The first-time buyer says she has repeatedly asked for updates from both the management companies and the developer but has been largely kept in the dark.
"People's lives are being put on hold," she adds. "They are all passing the buck and won't confirm anything in writing."
The exact number of properties affected in Kent has not been confirmed.
In January, then Housing Secretary Michael Gove said he would make developers pay up to £4bn for the removal of unsafe cladding.
The Building Safety Act, which was enacted in April this year, is intended to build in further protections for qualifying leaseholders to absolve them of all costs associated with cladding remedial works.
A Department for Levelling Up spokesperson told KentOnline: “Building owners with properties between 11 and 18 metres must comply with the law and front up costs to fix their unsafe buildings, and we expect them to work quickly.
“Experts widely recognise that low-rise buildings are unlikely to need costly remediation, but it is the building owner’s responsibility to ensure their properties are safe.”
The government department added that assessments under a new fire risk appraisal standard will make clear that buildings below 11m are "highly unlikely to need costly remediation work".
So far more than 35 housebuilders have committed to fixing unsafe cladding on all medium and high-rise buildings, taller than 11m (36ft).
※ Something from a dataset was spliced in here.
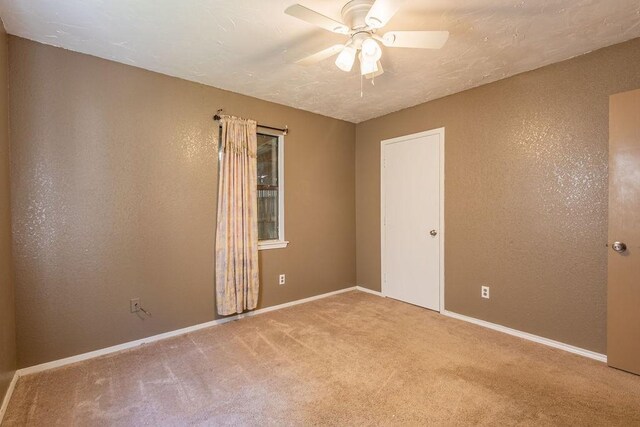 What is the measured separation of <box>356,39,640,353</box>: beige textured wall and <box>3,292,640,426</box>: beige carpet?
39cm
While currently voluntary, it is to become legally enforceable.
Optivo holds leases for both Cambria Court (under 11 metres) and Hibernia Court (over 11 metres) in Greenhithe but says it is not responsible for the maintenance and upkeep of the external walls in either building.
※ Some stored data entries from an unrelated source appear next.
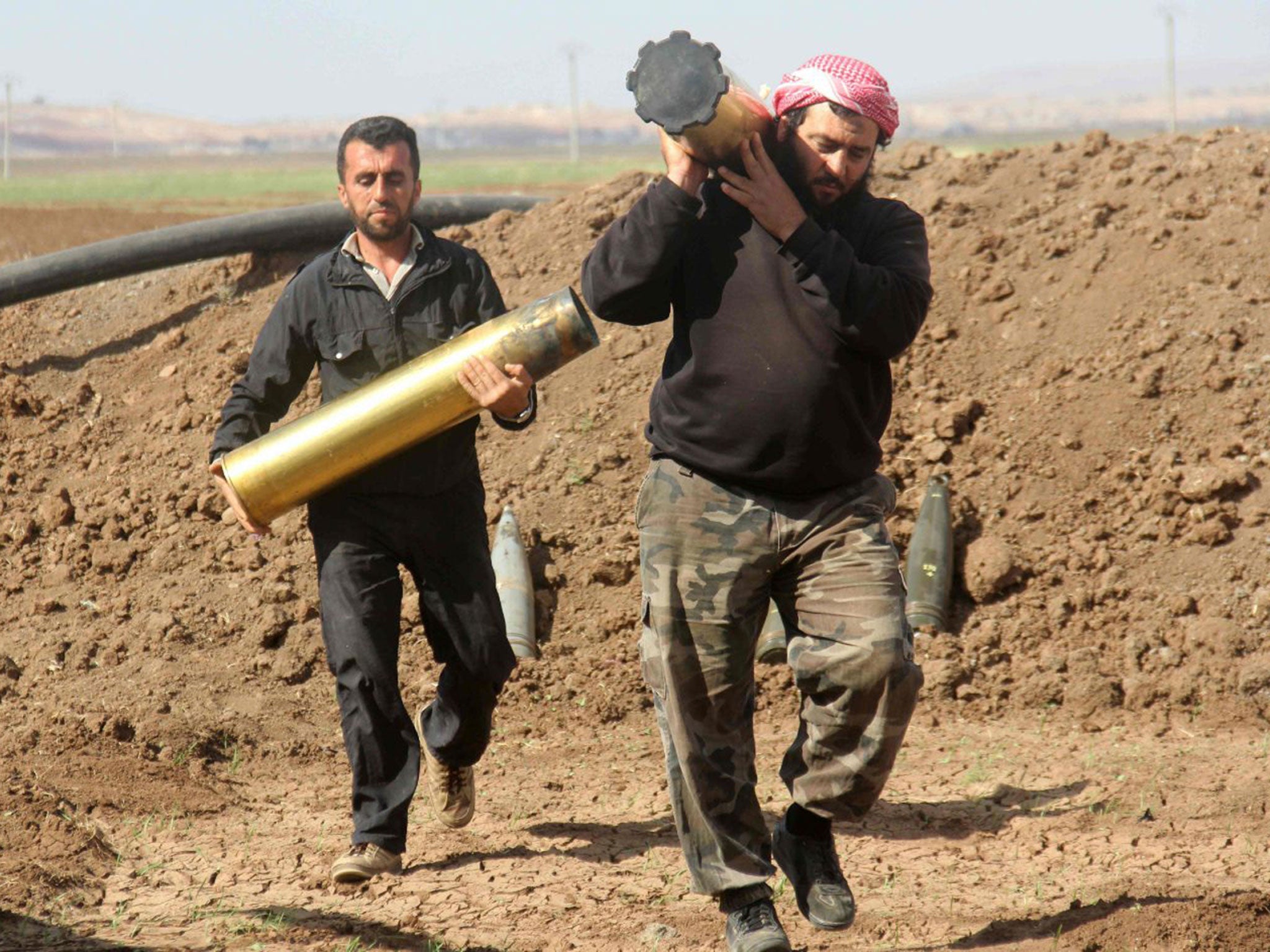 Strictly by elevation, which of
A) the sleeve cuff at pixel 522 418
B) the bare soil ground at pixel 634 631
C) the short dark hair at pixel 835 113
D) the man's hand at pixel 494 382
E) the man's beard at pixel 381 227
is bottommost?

According to residents, Optivo set out expectations in May via a resident's Zoom call they would receive an official update the progress of repairs funded by the original developers, Fairview.
Works are expected to be completed by the end of the year but neighbours say they have been given no timescales.
Churchill Estates property manager Mark Kybert says the situation is incredibly complex and the company is doing all it can.
Mr Kybert sayt he understands resident's frustrations and attributes problems with sales to banks and lenders, adding failings are in large part due to governmental oversight.
"It has been handled so badly," he said. "It is mindblowing incompetence by everyone, especially the government."
"We’ll do everything we can to keep our residents safe in their building."
"I feel for the people involved. We have done everything we can to try and help them."
"We are a small management company who has been trying to work with the developers to deal with it. But we can't magic things."
A spokesman for Optivo said: "We will take all appropriate action, including by legal means, to ensure those responsible are meeting their obligations for any remediation works required.
"We’ll do everything we can to keep our residents safe in their building.
"We understand the importance of good communication and have already arranged a virtual meeting with residents next Wednesday (September 14) to provide the latest update.
"We’d encourage any resident within these buildings looking to sell their home to contact us first before incurring any fees."
Fairview did not respond to a request for comment.